◆ ACTIVITY ◆
Skip the pictures. Retype exactly, and only, the lines between the line holding "Mommy thinks they're" and the last line below, inclusive.

◆ DATA SHOWN ◆
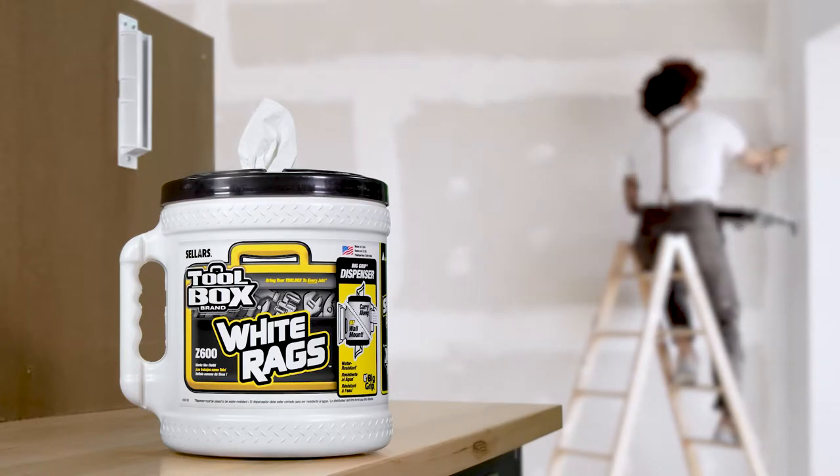You're now ready to use your Toolbox BigGrip Bucket, so get to work and be safe.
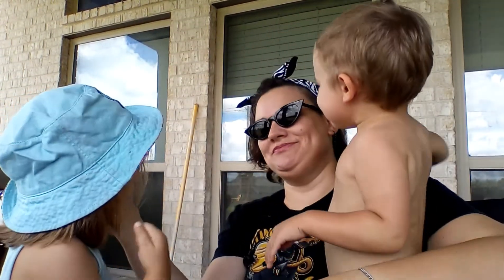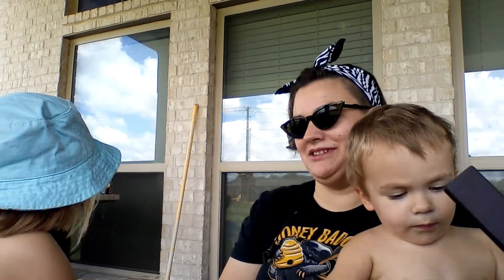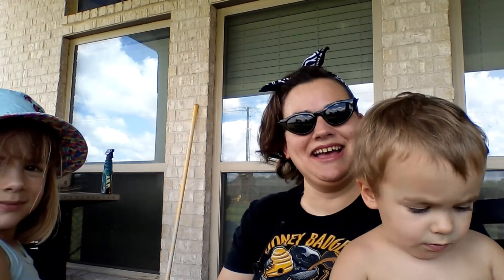Mommy thinks they're pretty awesome. Let's take a hug. So that is those, and we will talk to you all later. Bye!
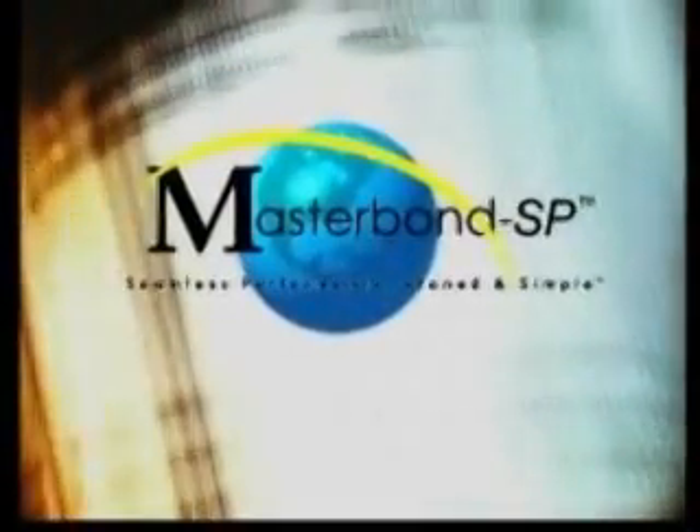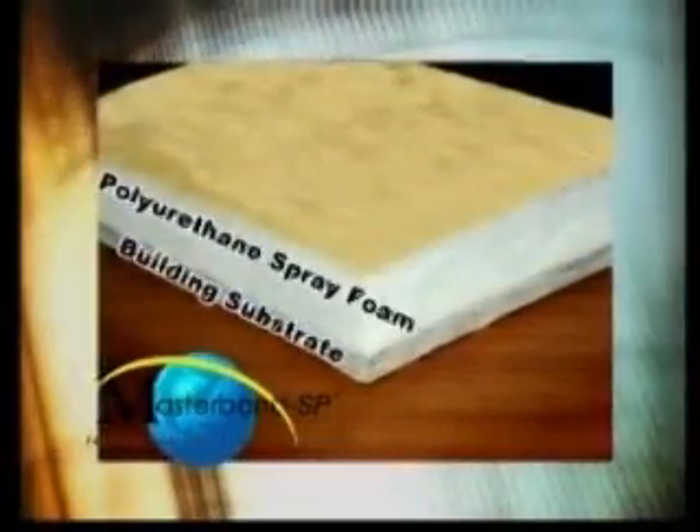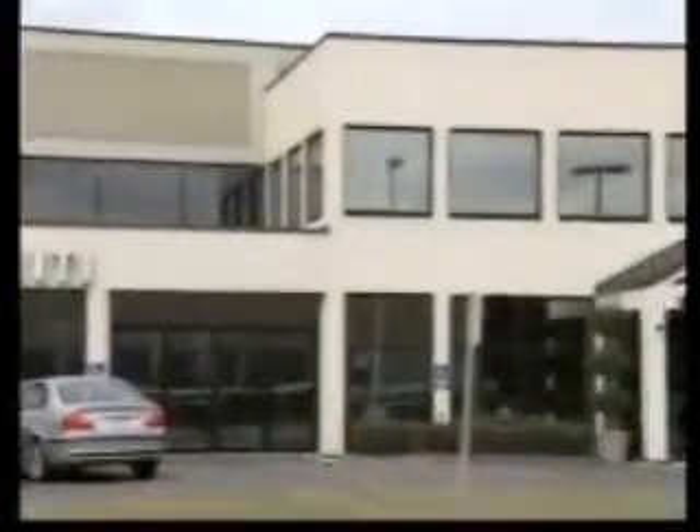Masterbond SP: Closed Cell Seamless Performance, plain and simple. With energy efficiency a priority and the increasing focus on green building, we would like to introduce the Masterbond SP system. Welcome to the Masterbond SP revolution.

◆ ANSWER AREA ◆
Mommy thinks they're pretty awesome. Let's take a hug. So that is those, and we will talk to you all later. Bye!
Masterbond SP: Closed Cell Seamless Performance, plain and simple. With energy efficiency a priority and the increasing focus on green building, we would like to introduce the Masterbond SP system. Welcome to the Masterbond SP revolution.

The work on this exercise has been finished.